(Material for the task)

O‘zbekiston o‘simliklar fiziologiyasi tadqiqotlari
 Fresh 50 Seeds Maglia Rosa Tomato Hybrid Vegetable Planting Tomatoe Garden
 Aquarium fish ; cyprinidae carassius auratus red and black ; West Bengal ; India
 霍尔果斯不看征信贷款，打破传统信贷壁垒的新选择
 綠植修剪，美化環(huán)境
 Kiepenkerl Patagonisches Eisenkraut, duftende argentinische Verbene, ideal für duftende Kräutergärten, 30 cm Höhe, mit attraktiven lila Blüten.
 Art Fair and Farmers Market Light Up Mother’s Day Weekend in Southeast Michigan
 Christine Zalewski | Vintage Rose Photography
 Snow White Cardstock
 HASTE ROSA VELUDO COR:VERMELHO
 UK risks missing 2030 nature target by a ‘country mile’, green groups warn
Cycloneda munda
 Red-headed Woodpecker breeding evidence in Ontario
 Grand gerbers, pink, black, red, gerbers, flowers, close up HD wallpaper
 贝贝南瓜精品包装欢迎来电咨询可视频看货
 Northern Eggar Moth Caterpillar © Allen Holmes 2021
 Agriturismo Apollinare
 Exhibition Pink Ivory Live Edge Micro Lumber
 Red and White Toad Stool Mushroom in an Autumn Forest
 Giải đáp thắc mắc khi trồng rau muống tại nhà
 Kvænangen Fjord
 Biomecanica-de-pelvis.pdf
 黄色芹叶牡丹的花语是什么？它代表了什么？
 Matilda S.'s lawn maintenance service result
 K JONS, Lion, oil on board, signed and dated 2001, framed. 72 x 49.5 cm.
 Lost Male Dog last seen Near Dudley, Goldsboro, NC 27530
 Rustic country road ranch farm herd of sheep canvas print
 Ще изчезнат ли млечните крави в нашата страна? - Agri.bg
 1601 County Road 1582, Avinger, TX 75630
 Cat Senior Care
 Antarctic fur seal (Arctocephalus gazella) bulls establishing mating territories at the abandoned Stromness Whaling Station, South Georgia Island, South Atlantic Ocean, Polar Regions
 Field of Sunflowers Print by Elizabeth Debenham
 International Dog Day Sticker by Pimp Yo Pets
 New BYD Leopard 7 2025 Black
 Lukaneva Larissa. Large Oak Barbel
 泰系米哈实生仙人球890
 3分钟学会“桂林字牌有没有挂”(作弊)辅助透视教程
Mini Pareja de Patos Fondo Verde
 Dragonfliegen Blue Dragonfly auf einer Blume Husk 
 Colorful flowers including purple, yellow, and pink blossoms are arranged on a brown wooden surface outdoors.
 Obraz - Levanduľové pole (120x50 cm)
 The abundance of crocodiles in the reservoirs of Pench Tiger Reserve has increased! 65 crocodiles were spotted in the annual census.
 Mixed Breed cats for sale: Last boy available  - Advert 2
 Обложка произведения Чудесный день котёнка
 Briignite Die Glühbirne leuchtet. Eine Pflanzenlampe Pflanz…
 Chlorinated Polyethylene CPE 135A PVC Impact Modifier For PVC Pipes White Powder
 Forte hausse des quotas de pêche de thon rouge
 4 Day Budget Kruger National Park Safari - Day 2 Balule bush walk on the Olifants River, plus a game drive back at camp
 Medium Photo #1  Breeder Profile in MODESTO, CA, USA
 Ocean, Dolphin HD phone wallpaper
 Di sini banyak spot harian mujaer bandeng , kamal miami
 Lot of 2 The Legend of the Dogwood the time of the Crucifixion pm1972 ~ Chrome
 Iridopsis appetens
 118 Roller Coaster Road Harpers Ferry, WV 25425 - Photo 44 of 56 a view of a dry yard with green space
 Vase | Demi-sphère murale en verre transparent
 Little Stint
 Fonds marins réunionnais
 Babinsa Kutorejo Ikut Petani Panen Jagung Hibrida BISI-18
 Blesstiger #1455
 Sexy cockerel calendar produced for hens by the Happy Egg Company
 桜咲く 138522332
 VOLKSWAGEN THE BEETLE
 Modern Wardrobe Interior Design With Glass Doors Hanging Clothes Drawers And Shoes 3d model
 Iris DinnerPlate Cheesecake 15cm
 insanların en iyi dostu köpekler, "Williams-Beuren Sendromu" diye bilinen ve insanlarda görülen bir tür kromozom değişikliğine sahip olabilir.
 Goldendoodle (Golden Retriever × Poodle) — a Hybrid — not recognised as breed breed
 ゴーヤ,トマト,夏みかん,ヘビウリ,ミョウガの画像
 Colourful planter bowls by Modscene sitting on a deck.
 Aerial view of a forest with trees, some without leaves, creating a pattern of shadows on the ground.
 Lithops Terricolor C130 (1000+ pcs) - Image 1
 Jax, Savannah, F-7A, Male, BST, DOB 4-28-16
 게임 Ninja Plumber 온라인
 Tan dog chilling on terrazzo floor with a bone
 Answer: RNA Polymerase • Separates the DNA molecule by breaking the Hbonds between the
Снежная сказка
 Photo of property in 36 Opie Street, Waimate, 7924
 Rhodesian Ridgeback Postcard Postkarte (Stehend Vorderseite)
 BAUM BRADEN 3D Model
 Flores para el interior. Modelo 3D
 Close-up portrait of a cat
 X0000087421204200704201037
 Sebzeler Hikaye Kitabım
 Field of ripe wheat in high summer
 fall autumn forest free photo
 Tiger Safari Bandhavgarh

(End Material for the task)

» Exercise directions
Whatever appears in the material must be set down again, word for word.

» Worked solution
O‘zbekiston o‘simliklar fiziologiyasi tadqiqotlari
 Fresh 50 Seeds Maglia Rosa Tomato Hybrid Vegetable Planting Tomatoe Garden
 Aquarium fish ; cyprinidae carassius auratus red and black ; West Bengal ; India
 霍尔果斯不看征信贷款，打破传统信贷壁垒的新选择
 綠植修剪，美化環(huán)境
 Kiepenkerl Patagonisches Eisenkraut, duftende argentinische Verbene, ideal für duftende Kräutergärten, 30 cm Höhe, mit attraktiven lila Blüten.
 Art Fair and Farmers Market Light Up Mother’s Day Weekend in Southeast Michigan
 Christine Zalewski | Vintage Rose Photography
 Snow White Cardstock
 HASTE ROSA VELUDO COR:VERMELHO
 UK risks missing 2030 nature target by a ‘country mile’, green groups warn
Cycloneda munda
 Red-headed Woodpecker breeding evidence in Ontario
 Grand gerbers, pink, black, red, gerbers, flowers, close up HD wallpaper
 贝贝南瓜精品包装欢迎来电咨询可视频看货
 Northern Eggar Moth Caterpillar © Allen Holmes 2021
 Agriturismo Apollinare
 Exhibition Pink Ivory Live Edge Micro Lumber
 Red and White Toad Stool Mushroom in an Autumn Forest
 Giải đáp thắc mắc khi trồng rau muống tại nhà
 Kvænangen Fjord
 Biomecanica-de-pelvis.pdf
 黄色芹叶牡丹的花语是什么？它代表了什么？
 Matilda S.'s lawn maintenance service result
 K JONS, Lion, oil on board, signed and dated 2001, framed. 72 x 49.5 cm.
 Lost Male Dog last seen Near Dudley, Goldsboro, NC 27530
 Rustic country road ranch farm herd of sheep canvas print
 Ще изчезнат ли млечните крави в нашата страна? - Agri.bg
 1601 County Road 1582, Avinger, TX 75630
 Cat Senior Care
 Antarctic fur seal (Arctocephalus gazella) bulls establishing mating territories at the abandoned Stromness Whaling Station, South Georgia Island, South Atlantic Ocean, Polar Regions
 Field of Sunflowers Print by Elizabeth Debenham
 International Dog Day Sticker by Pimp Yo Pets
 New BYD Leopard 7 2025 Black
 Lukaneva Larissa. Large Oak Barbel
 泰系米哈实生仙人球890
 3分钟学会“桂林字牌有没有挂”(作弊)辅助透视教程
Mini Pareja de Patos Fondo Verde
 Dragonfliegen Blue Dragonfly auf einer Blume Husk 
 Colorful flowers including purple, yellow, and pink blossoms are arranged on a brown wooden surface outdoors.
 Obraz - Levanduľové pole (120x50 cm)
 The abundance of crocodiles in the reservoirs of Pench Tiger Reserve has increased! 65 crocodiles were spotted in the annual census.
 Mixed Breed cats for sale: Last boy available  - Advert 2
 Обложка произведения Чудесный день котёнка
 Briignite Die Glühbirne leuchtet. Eine Pflanzenlampe Pflanz…
 Chlorinated Polyethylene CPE 135A PVC Impact Modifier For PVC Pipes White Powder
 Forte hausse des quotas de pêche de thon rouge
 4 Day Budget Kruger National Park Safari - Day 2 Balule bush walk on the Olifants River, plus a game drive back at camp
 Medium Photo #1  Breeder Profile in MODESTO, CA, USA
 Ocean, Dolphin HD phone wallpaper
 Di sini banyak spot harian mujaer bandeng , kamal miami
 Lot of 2 The Legend of the Dogwood the time of the Crucifixion pm1972 ~ Chrome
 Iridopsis appetens
 118 Roller Coaster Road Harpers Ferry, WV 25425 - Photo 44 of 56 a view of a dry yard with green space
 Vase | Demi-sphère murale en verre transparent
 Little Stint
 Fonds marins réunionnais
 Babinsa Kutorejo Ikut Petani Panen Jagung Hibrida BISI-18
 Blesstiger #1455
 Sexy cockerel calendar produced for hens by the Happy Egg Company
 桜咲く 138522332
 VOLKSWAGEN THE BEETLE
 Modern Wardrobe Interior Design With Glass Doors Hanging Clothes Drawers And Shoes 3d model
 Iris DinnerPlate Cheesecake 15cm
 insanların en iyi dostu köpekler, "Williams-Beuren Sendromu" diye bilinen ve insanlarda görülen bir tür kromozom değişikliğine sahip olabilir.
 Goldendoodle (Golden Retriever × Poodle) — a Hybrid — not recognised as breed breed
 ゴーヤ,トマト,夏みかん,ヘビウリ,ミョウガの画像
 Colourful planter bowls by Modscene sitting on a deck.
 Aerial view of a forest with trees, some without leaves, creating a pattern of shadows on the ground.
 Lithops Terricolor C130 (1000+ pcs) - Image 1
 Jax, Savannah, F-7A, Male, BST, DOB 4-28-16
 게임 Ninja Plumber 온라인
 Tan dog chilling on terrazzo floor with a bone
 Answer: RNA Polymerase • Separates the DNA molecule by breaking the Hbonds between the
Снежная сказка
 Photo of property in 36 Opie Street, Waimate, 7924
 Rhodesian Ridgeback Postcard Postkarte (Stehend Vorderseite)
 BAUM BRADEN 3D Model
 Flores para el interior. Modelo 3D
 Close-up portrait of a cat
 X0000087421204200704201037
 Sebzeler Hikaye Kitabım
 Field of ripe wheat in high summer
 fall autumn forest free photo
 Tiger Safari Bandhavgarh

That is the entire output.